更に万年筆にも向かないため、近年では中和をして酸性を下げたものが羊皮紙用インクとして用いられているとか。
「おそらく書いたのは羽ペンでしょうか。ペン先が違うのが書いた跡からも分かりますね。なお、筆跡鑑定も科捜研に御願いしましたが、2つの字は別人が書いた物だろうという簡易判定が来ています」
「では、これは元からあった怪盗の予告状を書き換えた物なのね?」
「流石はマム。もうマムから答えが出ていますが、こちらが紫外線照射下での拡大写真です。ガイシャ名の下に書かれた文字が見えますね」
紫外線を照射された予告状、ガイシャ名の下にあったのは……。
「ヴラドレン・チェルヌイフ。つまり、これは金貸しに対して出された予告状を利用したのね。書かれた名前を削って、上から名前を書き直したと?」
マムの問いに、僕は頷く。
羊皮紙に書かれた字を消すのは、海綿やナイフ、紙やすりで削る。
過去、羊皮紙は貴重品だった為、書き直し、上書きは頻繁に行われており、上書きされた羊皮紙写本をパリンプセストというそうだ。

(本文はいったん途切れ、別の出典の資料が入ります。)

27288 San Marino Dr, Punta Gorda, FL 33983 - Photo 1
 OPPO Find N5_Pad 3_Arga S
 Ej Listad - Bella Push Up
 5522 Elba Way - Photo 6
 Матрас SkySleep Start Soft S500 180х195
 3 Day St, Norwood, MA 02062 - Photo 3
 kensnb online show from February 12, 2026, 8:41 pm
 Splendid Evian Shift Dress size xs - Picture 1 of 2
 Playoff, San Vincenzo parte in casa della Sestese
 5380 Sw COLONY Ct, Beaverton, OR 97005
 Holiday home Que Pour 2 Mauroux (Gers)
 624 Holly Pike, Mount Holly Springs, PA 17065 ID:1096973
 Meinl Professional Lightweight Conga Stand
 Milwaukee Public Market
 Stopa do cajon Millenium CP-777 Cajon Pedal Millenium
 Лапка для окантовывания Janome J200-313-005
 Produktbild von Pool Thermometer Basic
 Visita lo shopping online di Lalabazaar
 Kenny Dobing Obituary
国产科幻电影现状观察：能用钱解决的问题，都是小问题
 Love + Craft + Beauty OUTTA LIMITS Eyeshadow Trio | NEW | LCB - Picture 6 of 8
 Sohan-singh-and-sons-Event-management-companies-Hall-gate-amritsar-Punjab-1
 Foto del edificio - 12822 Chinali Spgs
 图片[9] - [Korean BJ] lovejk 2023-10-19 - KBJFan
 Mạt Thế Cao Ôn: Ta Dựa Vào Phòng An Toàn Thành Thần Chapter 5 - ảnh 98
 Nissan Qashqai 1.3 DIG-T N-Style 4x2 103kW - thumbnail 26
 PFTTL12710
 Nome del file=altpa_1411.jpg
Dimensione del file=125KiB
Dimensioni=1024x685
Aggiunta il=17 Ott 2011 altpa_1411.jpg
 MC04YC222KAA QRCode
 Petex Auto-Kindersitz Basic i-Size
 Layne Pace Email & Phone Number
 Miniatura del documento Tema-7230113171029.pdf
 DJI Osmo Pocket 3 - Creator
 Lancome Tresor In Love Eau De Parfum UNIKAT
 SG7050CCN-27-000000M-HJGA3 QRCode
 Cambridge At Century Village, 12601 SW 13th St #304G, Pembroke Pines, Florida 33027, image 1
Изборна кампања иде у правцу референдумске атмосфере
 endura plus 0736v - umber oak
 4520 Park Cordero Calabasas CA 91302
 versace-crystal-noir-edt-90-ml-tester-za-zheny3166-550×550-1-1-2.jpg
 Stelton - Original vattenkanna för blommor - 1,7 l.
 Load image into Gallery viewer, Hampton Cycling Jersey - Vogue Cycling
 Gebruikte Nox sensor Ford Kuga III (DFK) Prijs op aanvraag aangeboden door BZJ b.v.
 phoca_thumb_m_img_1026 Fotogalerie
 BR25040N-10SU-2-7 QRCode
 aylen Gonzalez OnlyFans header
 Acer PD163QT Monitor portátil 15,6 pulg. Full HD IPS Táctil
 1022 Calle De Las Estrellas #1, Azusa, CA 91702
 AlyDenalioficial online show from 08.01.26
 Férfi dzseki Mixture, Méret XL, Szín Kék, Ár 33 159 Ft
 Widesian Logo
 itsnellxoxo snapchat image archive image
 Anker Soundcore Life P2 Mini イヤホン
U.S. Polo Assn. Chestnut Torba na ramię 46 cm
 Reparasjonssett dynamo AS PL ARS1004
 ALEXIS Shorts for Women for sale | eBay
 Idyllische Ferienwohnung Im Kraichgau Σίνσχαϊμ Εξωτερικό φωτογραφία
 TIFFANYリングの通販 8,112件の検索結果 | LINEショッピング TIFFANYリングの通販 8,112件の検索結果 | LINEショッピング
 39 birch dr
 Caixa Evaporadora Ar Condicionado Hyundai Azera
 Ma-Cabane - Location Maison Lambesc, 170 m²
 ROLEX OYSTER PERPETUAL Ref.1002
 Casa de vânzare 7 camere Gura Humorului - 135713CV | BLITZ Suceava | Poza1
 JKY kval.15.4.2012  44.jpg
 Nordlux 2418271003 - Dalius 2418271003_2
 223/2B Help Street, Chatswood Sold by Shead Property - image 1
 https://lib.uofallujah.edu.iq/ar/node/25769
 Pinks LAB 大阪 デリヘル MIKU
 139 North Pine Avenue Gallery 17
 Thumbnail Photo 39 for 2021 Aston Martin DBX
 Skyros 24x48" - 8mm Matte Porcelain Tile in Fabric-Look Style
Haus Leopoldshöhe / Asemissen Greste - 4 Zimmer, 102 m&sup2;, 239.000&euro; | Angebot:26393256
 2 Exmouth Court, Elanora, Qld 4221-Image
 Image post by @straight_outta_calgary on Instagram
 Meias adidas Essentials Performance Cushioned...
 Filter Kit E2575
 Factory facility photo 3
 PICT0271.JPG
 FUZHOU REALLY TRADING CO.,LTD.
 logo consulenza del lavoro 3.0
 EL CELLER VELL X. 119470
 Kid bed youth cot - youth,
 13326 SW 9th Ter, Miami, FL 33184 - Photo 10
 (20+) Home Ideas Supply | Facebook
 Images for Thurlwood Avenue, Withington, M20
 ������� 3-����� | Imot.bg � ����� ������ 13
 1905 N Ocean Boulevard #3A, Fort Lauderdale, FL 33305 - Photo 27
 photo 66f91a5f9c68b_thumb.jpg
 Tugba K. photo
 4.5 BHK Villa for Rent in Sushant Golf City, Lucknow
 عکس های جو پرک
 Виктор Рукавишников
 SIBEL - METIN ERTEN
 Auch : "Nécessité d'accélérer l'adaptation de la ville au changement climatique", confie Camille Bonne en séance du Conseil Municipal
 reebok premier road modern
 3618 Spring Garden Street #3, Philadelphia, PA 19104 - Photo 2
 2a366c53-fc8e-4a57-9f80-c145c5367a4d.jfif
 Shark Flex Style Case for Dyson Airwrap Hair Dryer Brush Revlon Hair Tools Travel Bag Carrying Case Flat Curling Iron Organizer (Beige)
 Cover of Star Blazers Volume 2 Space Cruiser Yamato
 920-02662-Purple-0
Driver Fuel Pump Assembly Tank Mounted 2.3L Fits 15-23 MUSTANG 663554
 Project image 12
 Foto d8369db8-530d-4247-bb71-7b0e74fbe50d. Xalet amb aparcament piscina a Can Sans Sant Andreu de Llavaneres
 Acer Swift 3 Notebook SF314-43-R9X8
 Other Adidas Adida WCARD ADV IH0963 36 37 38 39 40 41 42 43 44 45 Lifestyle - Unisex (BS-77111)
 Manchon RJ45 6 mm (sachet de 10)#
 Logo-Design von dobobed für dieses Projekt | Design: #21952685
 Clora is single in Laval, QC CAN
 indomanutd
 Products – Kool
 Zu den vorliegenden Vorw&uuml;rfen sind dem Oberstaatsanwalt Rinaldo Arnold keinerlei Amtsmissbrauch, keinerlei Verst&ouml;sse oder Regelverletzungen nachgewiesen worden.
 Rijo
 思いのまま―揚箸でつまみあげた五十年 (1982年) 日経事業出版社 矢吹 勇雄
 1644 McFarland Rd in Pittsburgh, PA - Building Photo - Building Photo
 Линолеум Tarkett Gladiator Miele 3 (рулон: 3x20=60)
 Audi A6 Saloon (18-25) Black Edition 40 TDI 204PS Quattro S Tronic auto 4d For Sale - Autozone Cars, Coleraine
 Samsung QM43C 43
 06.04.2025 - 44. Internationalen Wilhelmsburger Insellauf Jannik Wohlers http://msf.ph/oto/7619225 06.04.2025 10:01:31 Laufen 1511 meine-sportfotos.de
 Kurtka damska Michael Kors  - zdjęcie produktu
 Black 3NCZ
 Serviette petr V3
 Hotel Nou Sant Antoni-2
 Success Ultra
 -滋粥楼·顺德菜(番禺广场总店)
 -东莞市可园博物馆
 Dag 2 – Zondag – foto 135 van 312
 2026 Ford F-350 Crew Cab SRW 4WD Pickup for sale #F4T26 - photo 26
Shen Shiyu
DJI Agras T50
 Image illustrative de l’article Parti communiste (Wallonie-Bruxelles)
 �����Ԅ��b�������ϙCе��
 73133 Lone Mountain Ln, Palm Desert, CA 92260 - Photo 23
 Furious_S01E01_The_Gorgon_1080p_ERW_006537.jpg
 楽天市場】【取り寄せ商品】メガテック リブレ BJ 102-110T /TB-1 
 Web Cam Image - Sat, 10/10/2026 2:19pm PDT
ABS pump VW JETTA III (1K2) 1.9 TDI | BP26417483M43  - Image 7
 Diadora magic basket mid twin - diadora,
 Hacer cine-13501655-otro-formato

「はい。これらから、今回の殺人事件にはヴラドレンが何らかの関係をしており、ヤニスを怪盗が殺したかのように工作をされたものと思われます」
「ありがとう、タケ。これで殺人事件とヴラドレンに関係がある事が立証されました。皆、ここからは足を使って証拠を集めますわ!」
マムは凛とした声で僕達に命令を出した。
「ギーゼラ、ヴェイッコは下町での聞き込みを御願いします。わたくしとリーヤは貴族街で調査をします。タケはフォルちゃん、キャロと一緒に、孤児院でルカ君の過去に何があったかを調査お願いね。では、全員出動よ!」
「アイ、マム!」
……さあ、事件の真相を掴むぞ!
「タケ殿、見事な科学鑑定なのじゃ! こういうドラマをワシは見たかったのじゃ!」
ええ、チエちゃん。
一見地味ですが、こういうシーンがあっての科学捜査ドラマです。
なお、皮ですが私達が使う場合は大抵「なめし」という処理をされて革製品になっています。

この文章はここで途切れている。